“Do we need a novation?” That is the question invariably asked by the buyer when acquiring a government contractor. Relying on well-established Delaware case law governing acquisitions by stock purchase, a February 22, 2013 Delaware Chancery Court decision, Meso Scale Diagnostics v. Roche Diagnostics, held that a reverse triangular merger did not affect an assignment, by operation of law or otherwise, of the target’s contractual rights.1 This holding should be read to affirm, at least under Delaware corporate law, that a contract transferred by a reverse triangular merger is not subject to the Anti-Assignment Act, and thus does not trigger the novation requirements in Part 42 of the Federal Acquisition Regulation (FAR). Other transfers by “operation of law,” which generally have been found not to require formal FAR novations, should not be affected by the court’s decision.
In a reverse triangular merger, the buyer creates a subsidiary for the sole purpose of purchasing the target company and then merging into the target after the deal closes. Companies often prefer reverse triangular mergers to more direct transactions, because the buyer in a reverse triangular merger historically has been able to obtain control of the target’s otherwise non-transferable assets and contracts without consent from third parties who have contractual relationships with the target company.
Indeed, that was the issue in the Meso Scale Diagnostics case, in which a foreign holding company acquired a license for sophisticated diagnostic technology through a reverse triangular merger. Two Delaware companies with rights to the same technology sued on grounds that the merger resulted in an assignment that required their consent under an anti-assignment provision in the license. The defendants countered that the transfer of the license resulting from the reverse triangular merger was not subject to the antiassignment provision in the license agreement, because the target company that held the rights survived the transaction. The Chancery Court granted summary judgment to the defendants on grounds that relevant Delaware jurisprudence, holding that a mere change in the legal ownership of a business does not result in an assignment by operation of law, was controlling. The court found that a reverse triangular merger, like a stock purchase, does not result in a change in the target company’s corporate form.
Although FAR Subpart 42.12 specifically distinguishes stock purchases (which do not require novations) from asset purchases (which generally do), it does not explicitly address novation requirements in the context of a merger. The Meso Scale Diagnostics decision appears to solidify for government contractors the general practice of treating reverse triangular mergers as tantamount to stock purchases, i.e., no novation required.

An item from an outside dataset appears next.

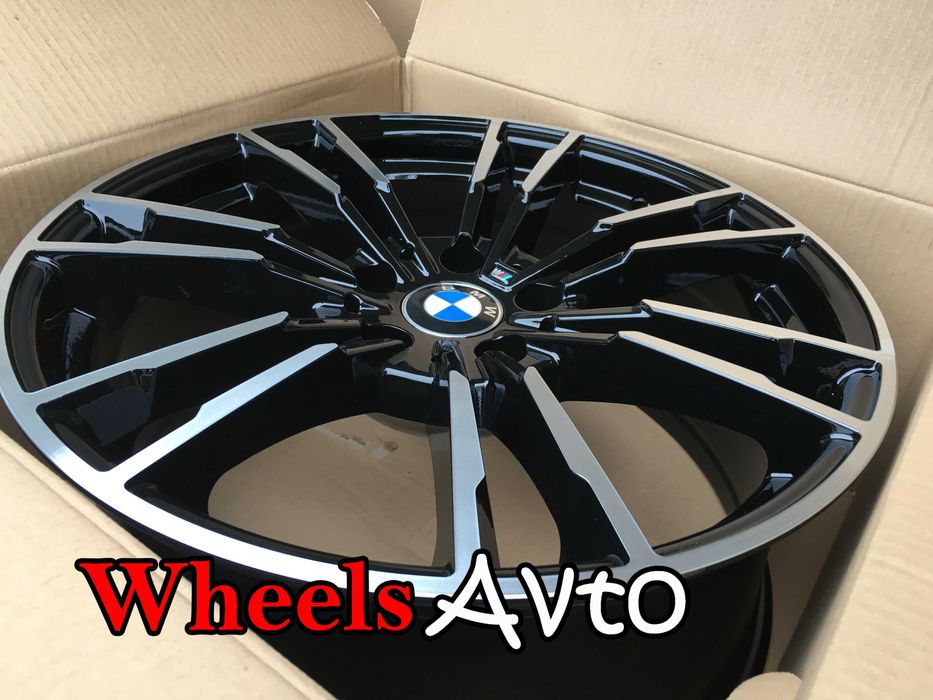диски R19 5x120 разноширокие BMW F30 F06 F07 F25 F15 F10 E53 E70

Government contractors should not be concerned about the court’s conclusion that reverse triangular mergers do not result in assignment by operation of law. The Chancery Court’s holding should have no bearing on other transfers by operation of law, which are covered by the “operation of law” exception to the Anti-Assignment Act. Courts and the boards of contract appeals have carved out exceptions by which a contractor may transfer its agreements with the U.S. Government to a third-party successor-in-interest “by operation of law,” such as through a merger, consolidation, or corporate reorganization.2 Accordingly, the FAR provides that novation agreements with the Government are unnecessary when the contract transfer results from a change in contractor ownership by operation of law, i.e., “with no legal change in the contracting party, and when that contracting party remains in control of the assets and is the party performing the contract.” FAR 42.1204(b).

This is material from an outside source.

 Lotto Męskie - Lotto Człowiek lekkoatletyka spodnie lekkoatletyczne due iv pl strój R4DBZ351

For example, the operation of law exception has been found to cover corporate reorganizations affected by a bankruptcy court order. The U.S. Court of Federal Claims, the Government Accountability Office, and the boards of contract appeals have largely held that the Anti-Assignment Act does not apply to contracts transferred to receivers, debtors-in-interest, trustees, or successors-in-interest.3 Similarly, the operation of law exception should still apply in the context of corporate reorganization or voluntary changes in business form, such as a conversion from a corporation into a limited liability company. Under applicable Delaware statutes, conversions occur by operation of law, and, therefore, should be exempt from the Anti-Assignment Act.4 (The FAR does not explicitly address conversions, and the Government in some instances has required shortform novation or change-of-name agreements before it was willing to recognize the new entity as the contractor’s successor-in-interest.) The Delaware Chancery Court’s discussion of “operation of law” transfers in the Meso Scale Diagnostics decision should have no affect on FAR novation requirements in these contexts.